Lebih jauh, Jeffrey Winters menjelaskan oligarki dalam demokrasi Indonesia berkembang melalui praktik politik yang bersifat transaksional dan kartelistik. Kontestasi politik yang membutuhkan biaya tinggi mendorong partai politik dan kandidat bergantung pada dukungan finansial oligarki. Dalam kondisi demikian, partai politik tidak lagi sepenuhnya menjalankan fungsi representasi kepentingan rakyat, melainkan cenderung menjadi instrumen negosiasi dan kompromi elite. Oligarki juga memainkan peran penting dalam menentukan siapa yang dapat maju dalam kompetisi politik melalui penguasaan sumber daya ekonomi, media, dan jaringan kekuasaan. Dengan demikian, demokrasi Indonesia tidak hanya menghadapi persoalan lemahnya oposisi dan menguatnya politik kartel, tetapi juga problem struktural berupa dominasi oligarki yang terus mereproduksi relasi kuasa dalam sistem politik pasca reformasi.
Dalam literature lain, Frederica (2025) menjelaskan bagaimana kartelisasi telah melembaga dalam sistem presidensial multipartai Indonesia. Menurutnya praktik ini berkembang dalam lanskap politik Indonesia tidak hanya dikarenakan oleh adanya kesepakatan anterelite, tetapi juga dipengaruhi oleh desain sistem presidensial multipartai, longgarnya transparansi dana politik, serta aturan pemilu yang cenderung membatasi kompetisi politik dan telah menciptakan keuntungan bagi kelompok politik dominan. Berbagai ketentuan hukum dan kelembagaan seperti presidential threshold, sistem proporsional terbuka, dan lemahnya aturan yang mengokohkan nilai transparansi dan akuntabilitas pada akhirnya mendorong kartelisasi menjadi bagian yang nyaris normal dalam praktik politik Indonesia.
Kondisi tersebut menyebabkan demokrasi eloktoral berjalan secara formal prosedural semata tanpa diiringi kompetisi ideologi maupun pertarungan gagasan yang substantif. Pemilu tidak lagi sepenuhnya dijadikan sebagai sarana memperjuangkan perubahan dan perbaikan, melainkan lebih menyerupai mekanisme sirkulasi elite dalam ruang kekuasaan yang tertutup. Dampak dari menguatnya politik kartel terlihat pada raibnya oposisi yang fungsional, tersendatnya akuntabilitas politik, serta menurunnya tingkat kepercayaan masyarakat terhadap institusi demokrasi. Upaya mengatasi kartelisasi politik yang telah terstruktur tidak cukup dilakukan melalui pergantian elite semata, tetapi membutuhkan reformasi struktural yang mencakup pembenahan regulasi politik, sistem pendanaan partai, penguatan oposisi, serta pembangunan pendidikan politik publik yang lebih partisipatif.

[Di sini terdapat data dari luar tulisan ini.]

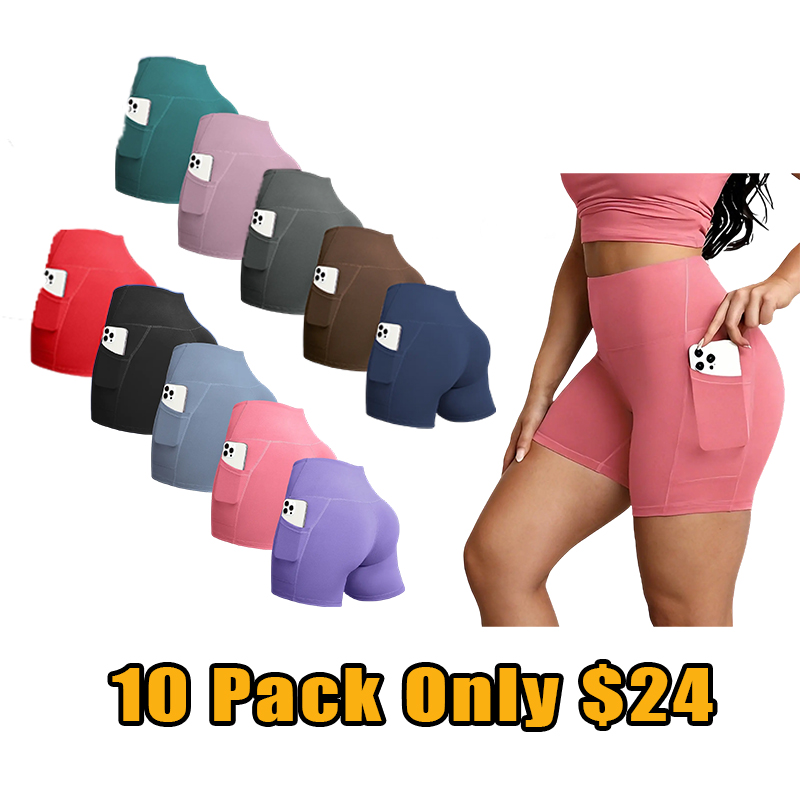Women’s High-Waist Pocket Biker Shorts Set (4-Pack)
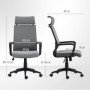 Ergonomisk Kontorsstol med Högt Ryggstöd och Syntetisk Ull Grå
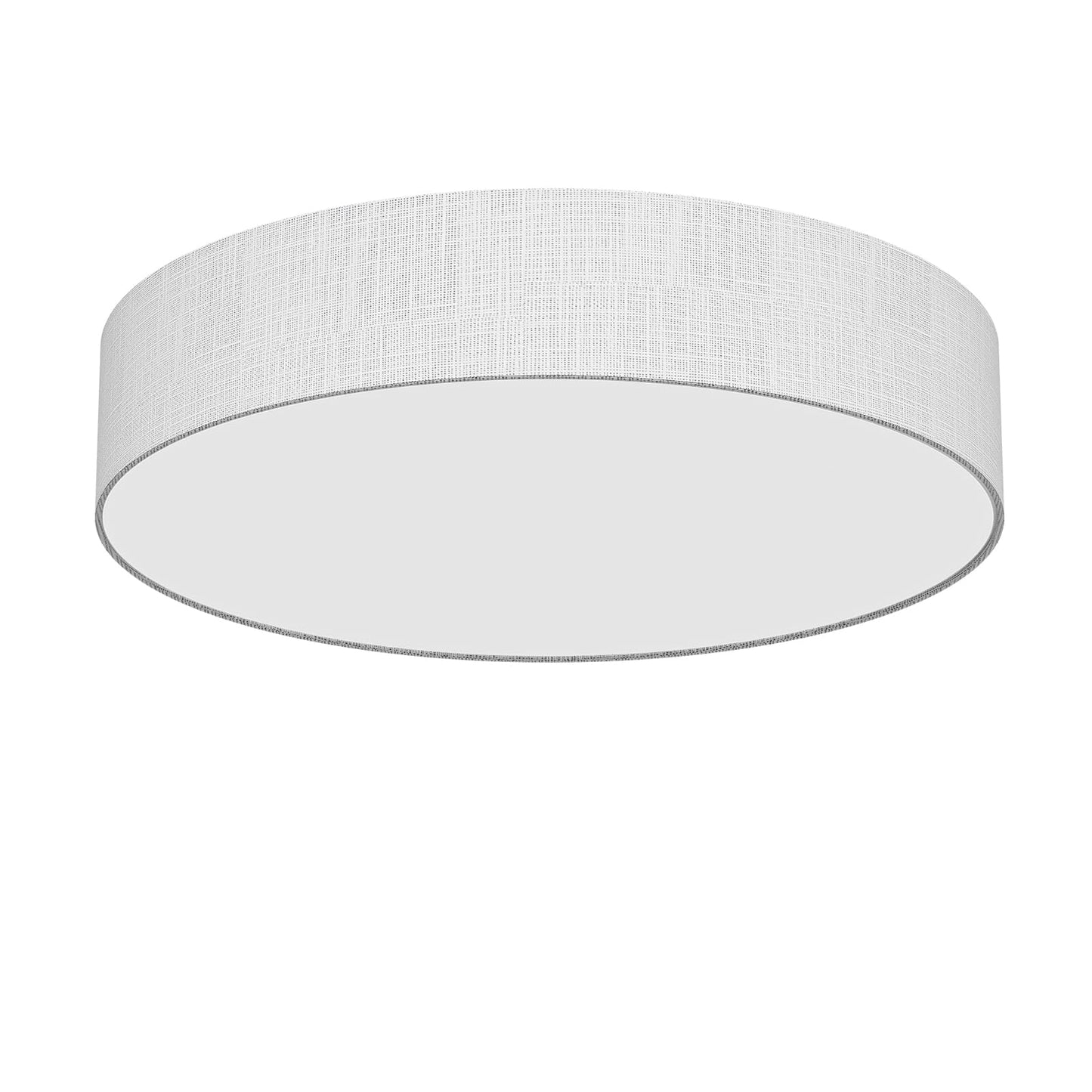 Runde Stoff-Deckenleuchte, grauer Stoffschirm mit weißem Ring-Diffusor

Lebih lanjut kondisi yang demikian ini megakibatkan partai politik Indonesia saat ini berada dalam pusaran politik kartel sehingga parpol mengalami kecacatan peran dan fungsi. Berbagai penelitian mengenai peran dan fungsi partai politik di Indoensia telah mencapai satu garis besar yaitu peran dan fungsi partai politik di Indoensia tidak ideal atau jauh dari harapan. Politik kartel yang kini mendominasi sistem politik Indonesia, menyebabkan para politisi tidak lagi memprioritaskan kepentingan konstituen namun mereka lebih memprioritaskan urusan internal partai mereka. Hal demikian terjadi karena ideologi yang lemah, administrasin yang bobrok, rekrutmen dan pengembangan kader yang jauh dari kata optimal (Pattalongi et al., 2024).
Setelah membaca buku Mengungkap Politik Kartel Karya Kuskridho Ambardi, penulis menterjemahkan politik kartel meruapakan fenomena dimana partai politik membangun koalisi tidak lagi berdasarkan pada kesamaan Ideologi (Ide,gagasan), namun partai politik membangun koalisi hanya berdsarkan kepentingan jangka pendek seperti modal politik, elekabilitas.

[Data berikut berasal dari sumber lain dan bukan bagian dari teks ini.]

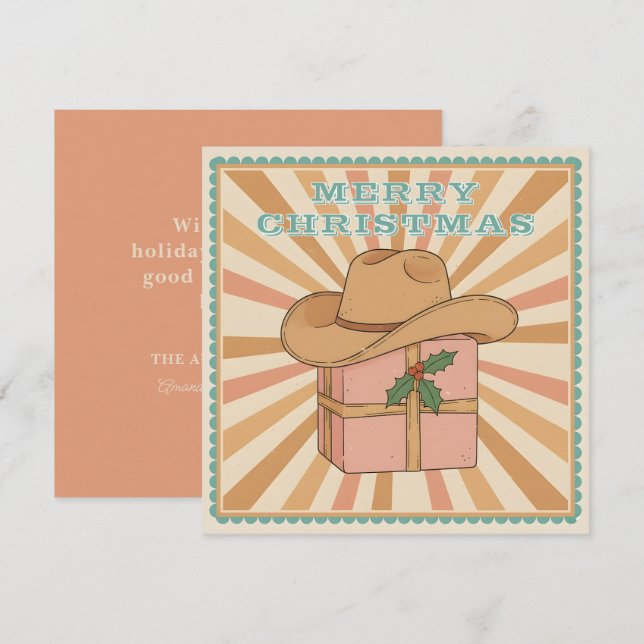 Saddle Up for Christmas Feiertagskarte (Vorne/Hinten)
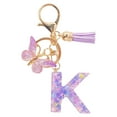 thumbnail image 2 of Iumwxz Fall Outdoor Living Initial Letter Keychains for Women Tassel Purple Cute Car Keychain for Wallet Backpack Bag home decor christmas clearance outdoors indoor, 2 of 4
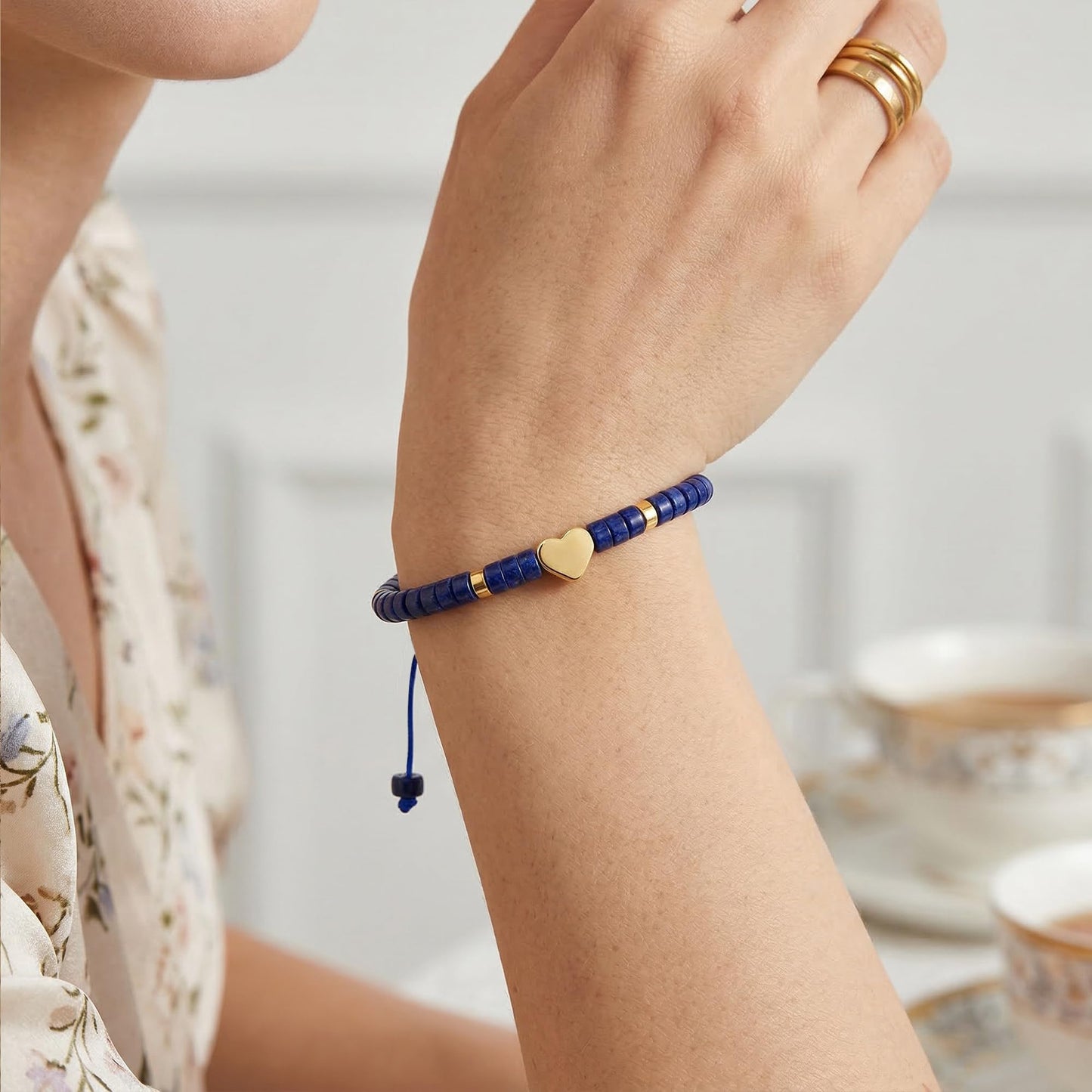 Svovin Inspirational Gifts Bracelets for Women, Healing Natural Stone Bracelets (Lapis Lazuli)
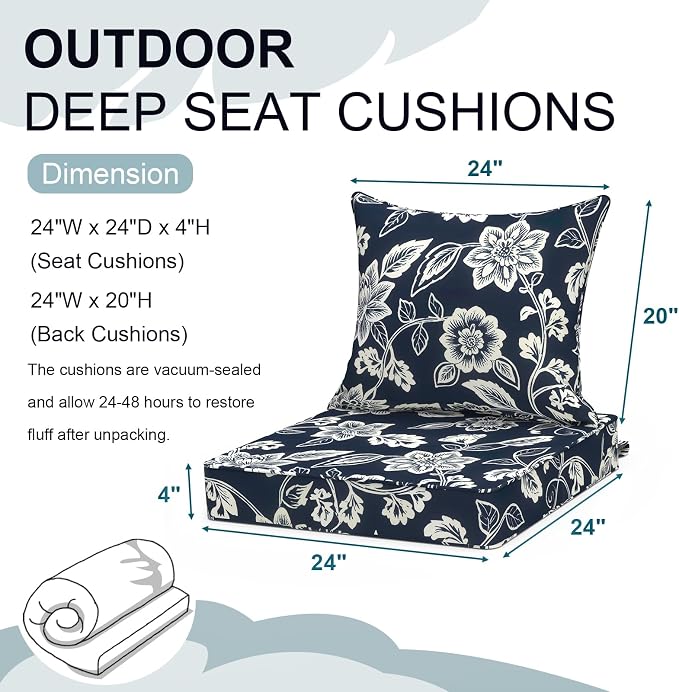 DYTXIII Outdoor Deep Seat Cushion Set, Water Repellent 24"x24" Patio Thick Cushions Replacement with Seat & Back Pillow for Patio Sofa, Wicker Chair, Couch - Vines Navy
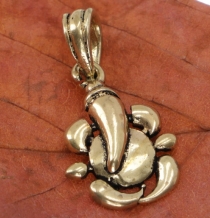 Amulet `Sitting Ganesha`, gold brass pendant - Model 2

Kondisi yang demikian ini mengakibatkan terjadinya fenomena koalisi besar lintas ideologi, yang dimana saat koalisi besar ini memenangkan kontestasi politik dan naik ketampuk kekuasaan, koalisi ini hanya sibuk membagi-bagi sumber daya negara, koalisi gemuk bertransformasi menjadi mesin Perburuan Rente (Rent-Seeking). Lanskap politik kita hari ini menjadi sangat cair, ketika pemilu selesai, semua partai (baik yang menang maupun yang kalah) bisa langsung bergabung dalam satu gerbong pemerintahan demi mengamankan kepentingan jangka pendek tersebut.

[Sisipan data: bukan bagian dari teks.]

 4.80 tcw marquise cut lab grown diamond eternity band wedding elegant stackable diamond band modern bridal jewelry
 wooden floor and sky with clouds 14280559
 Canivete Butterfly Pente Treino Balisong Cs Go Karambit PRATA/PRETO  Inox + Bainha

Dalam pandangan Prof. Dr. Zainal Arifin Mochtar, S.H., LL.M Politik Kartel ini menyebabkan melemahnya oposisi atau tidak adanya oposisi di parlemen, tidak adanya oposisi diparemen ini mengakibatkan tegaknya “New otoritarianisme” (otoritarianisme baru).
Dalam pandangan penulis, berbagai fenomena politik yang berkembang pasca reformasi mengantarkan politik kartel menjadi wajah dominan demokrasi Indonesia saat ini. Demokrasi Indonesia memang tetap berjalan secara prosedural melalui pemilu yang rutin dan pergantian kekuasaan yang konstitusional, namun substansi kompetisi politik yang substantif semakin tergeser oleh praktik-praktik pragmatis yang berorientasi pada distribusi kekuasaan dan sumber daya negara di kalangan elite politik dan oligarki sipil. Kondisi yang demikian mengakibatkan, oposisi melemah atau bahkan raib, oposisi kehilangan daya kontrol, partai politik kehilangan orientasi ideologis, dan negara semakin rentan dikelola berdasarkan kepentingan jangka pendek elite politik.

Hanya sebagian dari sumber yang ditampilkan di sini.